北米のアニメーション映画界では近年、特に大きな変化が見られはじめている。コロナ禍に突入した当初、“映画館離れ”と“配信サービスの台頭”の影響を真っ先に受けたのが幼児、児童を含む若年層の子どもたちをターゲットにしたアニメ作品。『トロールズ ミュージック★パワー』(20)が即座にPVOD配信に踏み切り大成功を収め、同ジャンルを牽引するディズニーも多くの作品を自社の配信サービスでの公開にシフトし、数年が経った現在も劇場公開作が興行的苦戦を強いられることが頻繁に起きている。

キャラクターの魅力やストーリーで子どもたちの心をキャッチ
キャラクターの魅力やストーリーで子どもたちの心をキャッチ[c] 2023 Paramount Pictures. All rights reserved.

また、そうした興行的に伸び悩む作品の傾向として、子ども向けであることに振り切らずに大人のノスタルジーを刺激する、よくいえば“全年齢向け”をねらった作風が挙げられるだろう。一昔前までは“子ども向け”と考えられ侮られがちだったアニメーションが、大人でも楽しめるコンテンツになったことは非常に大きな価値がある反面、その分“棲み分け”は重要となってくる。

そのなかで「怪盗グルー」シリーズをはじめとしたイルミネーション・エンターテインメント作品や、大人のノスタルジーと子どもでも受け入れやすい娯楽を絶妙に共存させた『ザ・スーパーマリオブラザーズ・ムービー』(23)が大ヒットとなったのは、子どもが観ることも念頭において、もしくは最優先に考えて作られていたからであろう。

子どもに連れられて観た大人もハマる人が続出!
子どもに連れられて観た大人もハマる人が続出![c] 2023 Paramount Pictures. All rights reserved.

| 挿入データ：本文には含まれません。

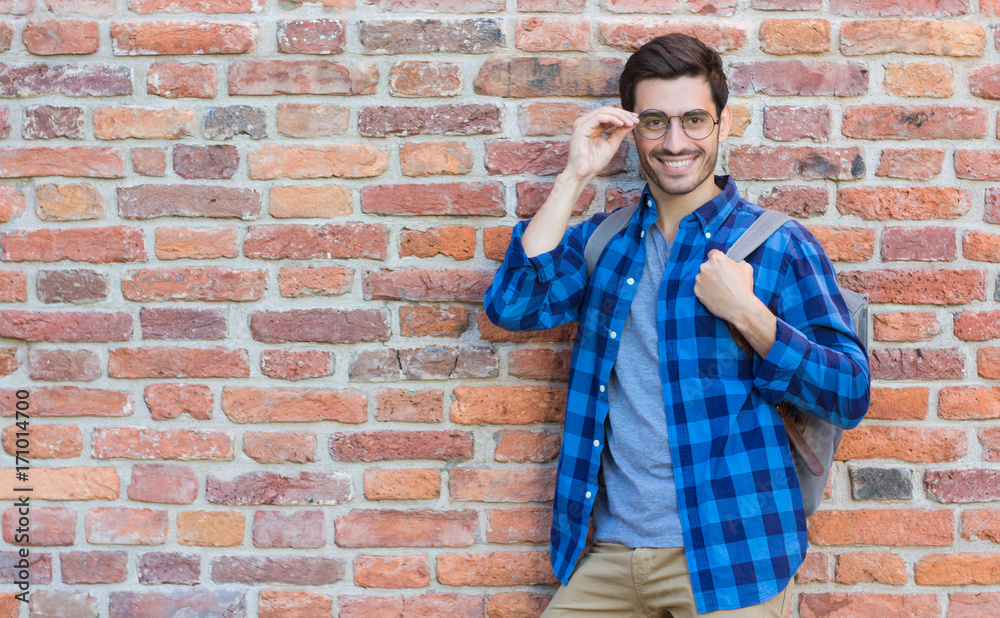 Horizontal image of sporty European man pictured with red brick wall behind ready for discovering new places with backpack on his back and fashionable black-rimmed spectacles lit with daylight Horizontal image of sporty European man pictured with red brick wall behind ready for discovering new places with backpack on his back and fashionable black-rimmed spectacles lit with daylight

幼い子どもが観たがれば、自ずと保護者も映画館に同伴する。仮に配信で手軽に観ることができたとしても、映画館での鑑賞が文化として根付いた北米では選択肢のなかから映画館はそう簡単に外れることはなく、息の長い興行が見込める。比較的安価な制作費であれば収益も黒字になりやすく、さらに次の作品へと繋がり、コンテンツ自体の人気も持続し、次の世代にも広まるきっかけが生まれる。

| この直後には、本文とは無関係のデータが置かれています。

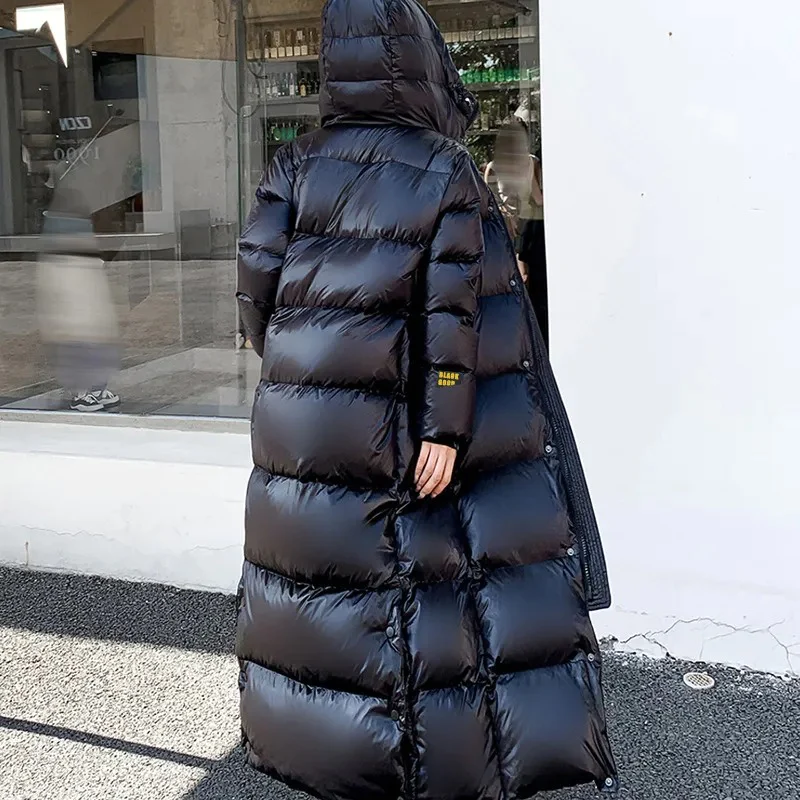 Person wearing a long black puffer coat standing on a street.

コンテンツとしての強さを10年かけて確たるものにしてきた「パウ・パトロール」は、まさにその最たる例。今作『パウ・パトロール ザ・マイティ・ムービー』では、制作費3000万ドルを瞬く間に回収。北米では2か月ほどの上映期間で興収6523万ドルに到達し、全世界興収では2億ドルに迫るほど。これは幼児向けカートゥーンアニメの劇場版としては「スポンジ・ボブ」シリーズや『ラグラッツ・ムービー』(98)を凌駕する、10年に1度の大成功だ。一人ひとりが観る期間は決して長くないにもかかわらず、意外なほど入れ替わりの少ないのが幼児向けコンテンツの特徴。今後も世界的に見れば“パウパト”の時代は続いていくことだろう。


日本でも着実に人気を集めつつある
日本でも着実に人気を集めつつある[c] 2023 Paramount Pictures. All rights reserved.

ちなみにここ日本では、2019年からテレビ東京系6局ネットでテレビアニメシリーズが放送されており、各種配信サービスでも視聴可能。前作『パウ・パトロール ザ・ムービー』は日本上陸からわずか2年での公開でありながら、週末動員ランキングでトップテン入りを果たした。あれからさらに2年。日本の子どもたちにも着実に浸透してきたなかで公開を迎えた最新作は、どんな反応を集めるのか。いま世界中の子どもたちになにが流行っているのか気になった大人たちも、是非とも映画館に足を運んで“パウパト”たちの虜になってみてはいかがだろうか。